In an earlier post, I discussed the sizable rainfall totals across central and southern Illinois from Tropical Storm Isaac. Its impact on soil moisture has been dramatic. We measure soil moisture at 19 sites across Illinois as part of the Illinois State Water Survey WARM program. Here are the 4, 8, and 20 inch soil moisture maps based on readings at midnight on September 3.
We measure the soil moisture as the fraction of water in the soil by volume. So a value of 0.4 means that 4/10 of the soil is water by volume. Or you could view it as 40 percent of the soil is water by volume.
- Values in the 0.4 to 0.5 range means the soil is close to or at saturation;
- Values in the range of 0.3 to 0.4 are typical of a moist soil;
- Values less than 0.3 are getting dry;
- values between 0.1 and 0.15 are pretty much at the lower limit of what plants can use.
Below are the maps for 4, 8, and 20 inches. For most of Illinois, the fraction of water by volume is in the range of 0.3 to 0.4 – that’s good, especially for this time of year. There are a few places over 0.4, which means they are getting close to saturation at that level of the soil. A month ago a lot of stations were in the 0.10 to 0.15 range, which is pretty much the lower limit of what plants can use.
These numbers suggest that soil moisture conditions in much of Illinois have improved dramatically after Tropical Storm Isaac. However, they still have room for improvement in northern Illinois. And the rains came too late for the corn crop and much of the soybean crop. Even so, it is reassuring that we have gone a long ways towards recharging the soil moisture as we move into fall.
By the way, you’ll notice the 0.06 values in west-central IL. Those are in an extremely sandy soil near Havana in the Illinois River floodplain. They drop quickly after a rain event and stay very low most of the year.
3 Replies to “Impact of Tropical Storm Isaac on Illinois Soil Moisture”
Jim – FYI on some new research findings on crop response to heat for corn, soy beans and cotton.

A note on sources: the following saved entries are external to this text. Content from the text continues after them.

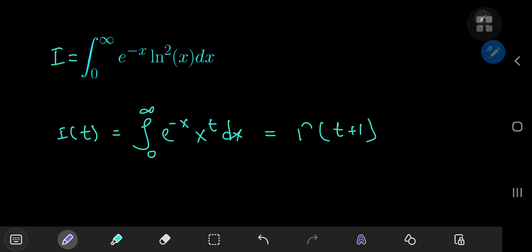The other motivation for defining this structure was the involvement of the gamma function. Viewers of the channel know that I love employing the gamma function. Differentiating the gamma function gives me the opportunity to use the digamma function. And of course, we're going to have to differentiate the integral function twice to get the squared logarithm term, so I'll use the trigamma function as well.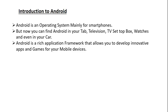Android is a rich application framework that allows you to develop innovative apps and games for your mobile devices. Android is not a programming language, it is an application framework. You can use two languages for Android application development: Java and Kotlin.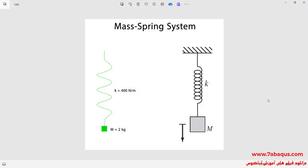In this illustration, we intend to calculate the period of a mass-spring system in the Abaqus software. The stiffness of the spring is equal to 400 newton per meter and the concentrated mass is equal to two kilograms. The period is first calculated using the analytical solution, then using the Abaqus software, and finally the results will be compared.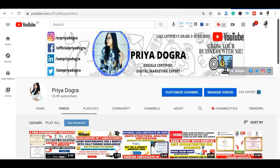Hey everyone, welcome to my channel. My name is Priyadogra and I'm back again with another video. Today's video is very good and very important for everyone, whether you are a student, a working professional, a senior citizen or a home parent. You can apply for this course.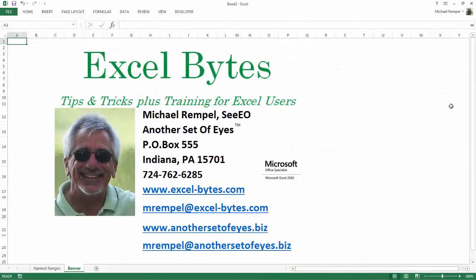And there you have it. Hope you like it and hope it's useful to you. If you'd like to see more, please feel free to go to my website, excel-bytes.com, and I hope you subscribe. Happy excelling.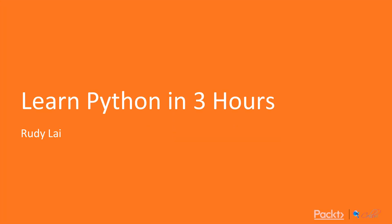Hello and welcome to the overview of the course Learn Python in 3 Hours. My name is Rudy and I will be bringing you this course as an author.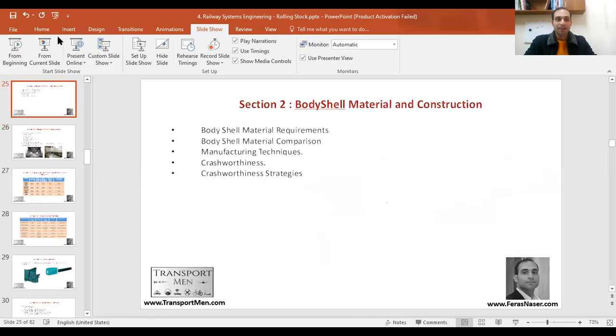We carry on with our explanation for chapter two, talking about rolling stock systems. We have reached the rolling stock body shell and its crashworthiness, section two. In this section, we'll talk about different materials that make a body shell, what are their components and characteristics. Let's start.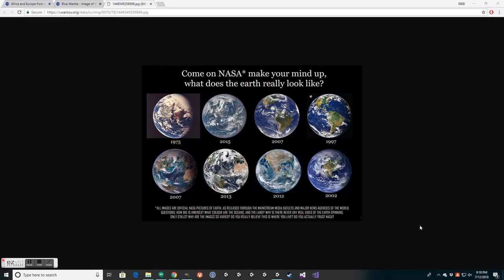Earlier today, I got to discussing this image, this meme that's been making the rounds on the internet. The complaint with this image is that NASA's official pictures of what the Earth looks like has changed over the years. And since we know the Earth has not changed over the years, what gives?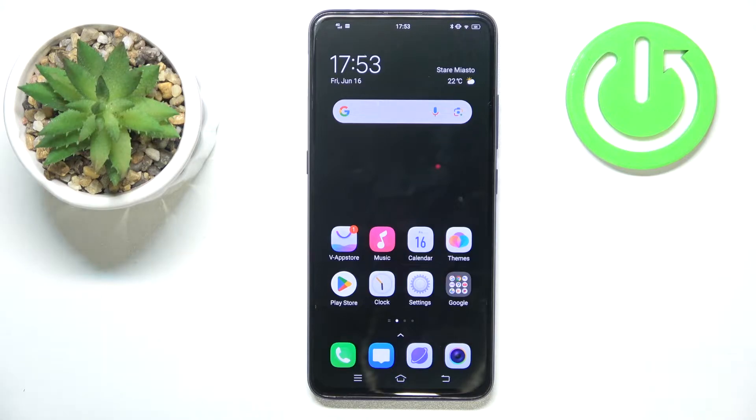Welcome to the Hard Reset Info YouTube channel. Today I will show how you can check phone usage time in Vivo.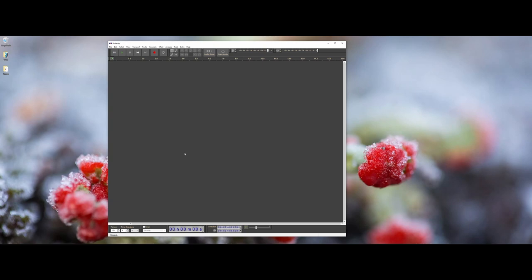Most audio interfaces look pretty bland when you don't actually have an audio file to work with, because the main center area is really for working with audio files and waveforms. However, there are some other things you can do with the interface that are worth pointing out before we even worry about opening anything or setting up a project.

As warmer temperatures for Illinois are predicted this century, I am concerned about future heat impact on our corn and soy bean crops. I know that some work has been done on making crops more resistent to heat and drought, and I was encouraged by how much better yields were during the 2012 drought compared to the 1988 drought. Is there room for further advances in making corn and soybeans resistent to predicted increases of heat and drought? TIA.